弁護士(夫)⇒弁護士(妻)、所法56条適用は合憲
最高裁、「56条の要件を満たす限りその適用があるというべき」


 最高裁第三小法廷(上田豊三裁判長)は、平成16年11月2日、所得税法56条の適用を主たる争点とした弁護士(夫)⇒弁護士(妻)への報酬の必要経費算入について、所法56条の適用があるものと判示し、さらに、本件処分(必要経費算入を否認した更正処分)は、所法56条の適用を誤ったものではなく、憲法14条1項に違反するものではないとして、弁護士の上告を棄却した(平成16年行ツ第23号)。

「独立事業者への適用は違憲」と主張したが 
 上告人は、まず、所法56条の立法趣旨は、「家族間における恣意的な租税回避をさせないことにある」とし、妻(弁護士)への定額の支払では、「恣意的な資産の分配」などできないと主張した。加えて「例え夫婦であろうとも資格を持った弁護士に対し仕事を頼んだ場合、そこに報酬が発生するのは当然である。

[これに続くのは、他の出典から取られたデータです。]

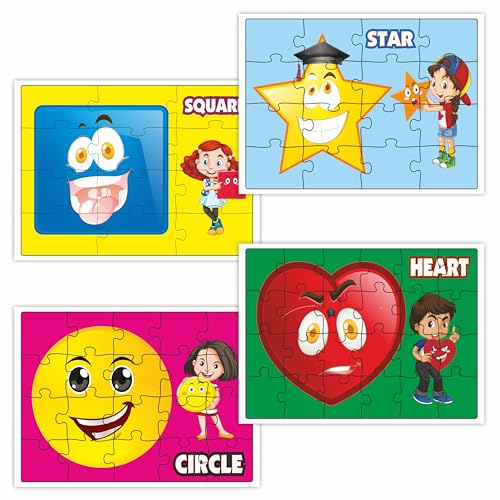 Image of Ankit Toys & Games Fix 'n' Learn Shapes Jigsaw Puzzle for Kids | Educational and Learning Toy for Kids Age 3 and Above | Boost Memory Skills | 72 Pieces Shapes Puzzles (Set of 4 Puzzles in Box)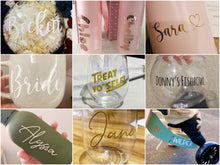 Load image into Gallery viewer, Personalised Name Permanent Vinyl Stickers, Wedding Glasses Stickers, Hen's Party Stickers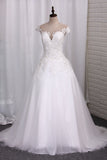 2024 A Line Wedding Dresses Scoop Tulle With Applique Court Train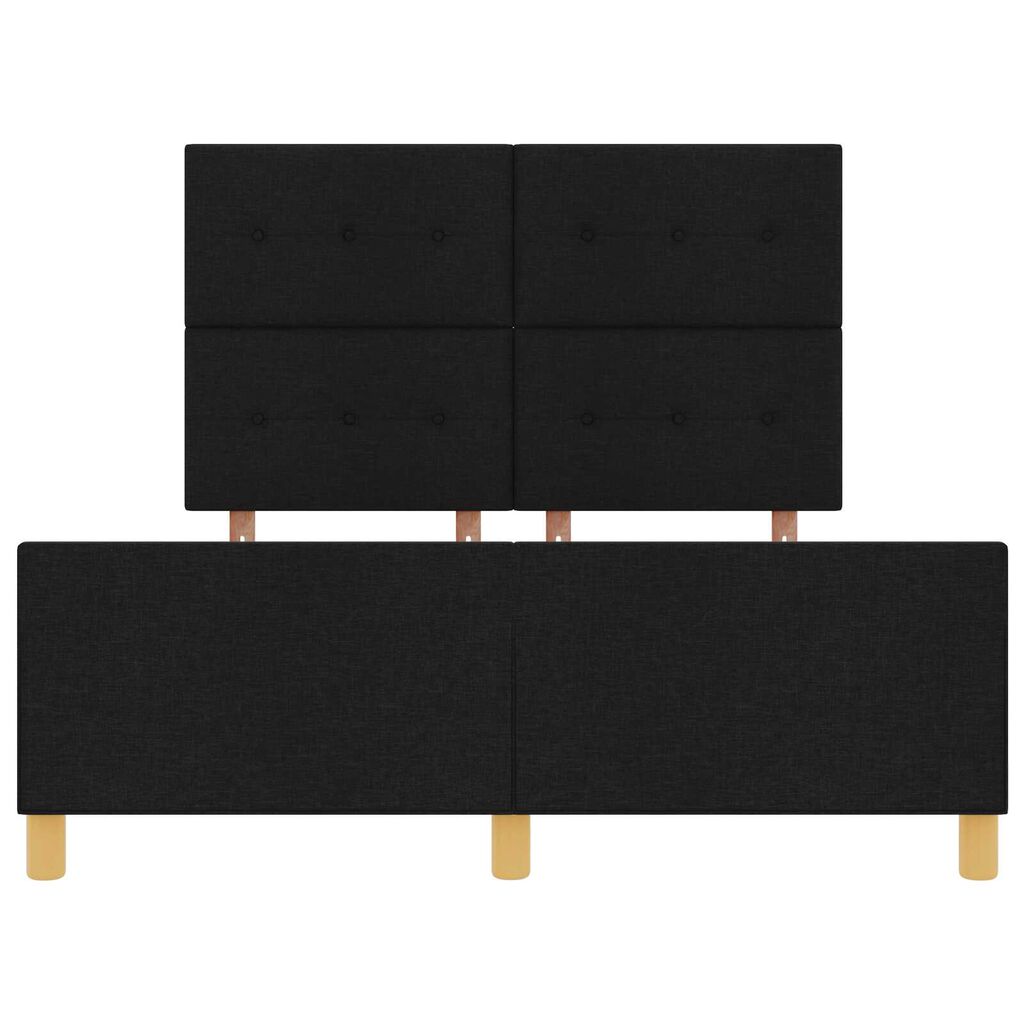 vidaXL Σκελετός Κρεβατιού με κεφαλάρι Μαύρο 140 x 190 cm ύφασμα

」とし、「所法57条が青色申告を選択する事業者について生計を一にする親族に対する支払を経費とすることを認めていることからも、独立しているが故に一切経費性を認めないというのは、法の立法趣旨を離れた運用であり、憲法14条(法の下の平等)に違反する」と主張した。
 また、所法56条にいう、「従事」や「その他の事由により当該事業から対価の支払を受ける場合」の意義については、独立の立場で事業者として役務を提供し対価の支払を受ける場合は該当しないと考えるべきであると主張した。

「56条の合理性を否定できない」と判示   
 最高裁第三小法廷は、「同法56条の上記の趣旨及びその文言に照らせば、居住者と生計を一にする配偶者その他の親族が居住者と別に事業を営む場合であっても、そのことを理由に同条の適用を否定することはできず、同条の要件を満たす限りその適用があるというべきである。」、「同法56条の上記の立法目的は正当であり、同条が上記のとおり要件を定めているのは、適用の対象を明確にし、簡便な税務処理を可能にするためであって、上記の立法目的との関連で不合理であるとはいえない。このことに、同条が前記の必要経費算入等の措置を定めていることを併せて考えれば、同条の合理性を否定することはできないものというべきである。」と判示して、所法56条の合理性を容認した。
 また、所法57条との整合性について、「同法57条の上記の趣旨及び内容に照らせば,同法が57条の定める場合に限って56条の例外を認めていることについては,それが著しく不合理であることが明らかであるとはいえない。」として、本件各処分は、同法56条の適用を誤ったものではなく、憲法14条1項(法の下の平等)に違反するものではないと結論付けた。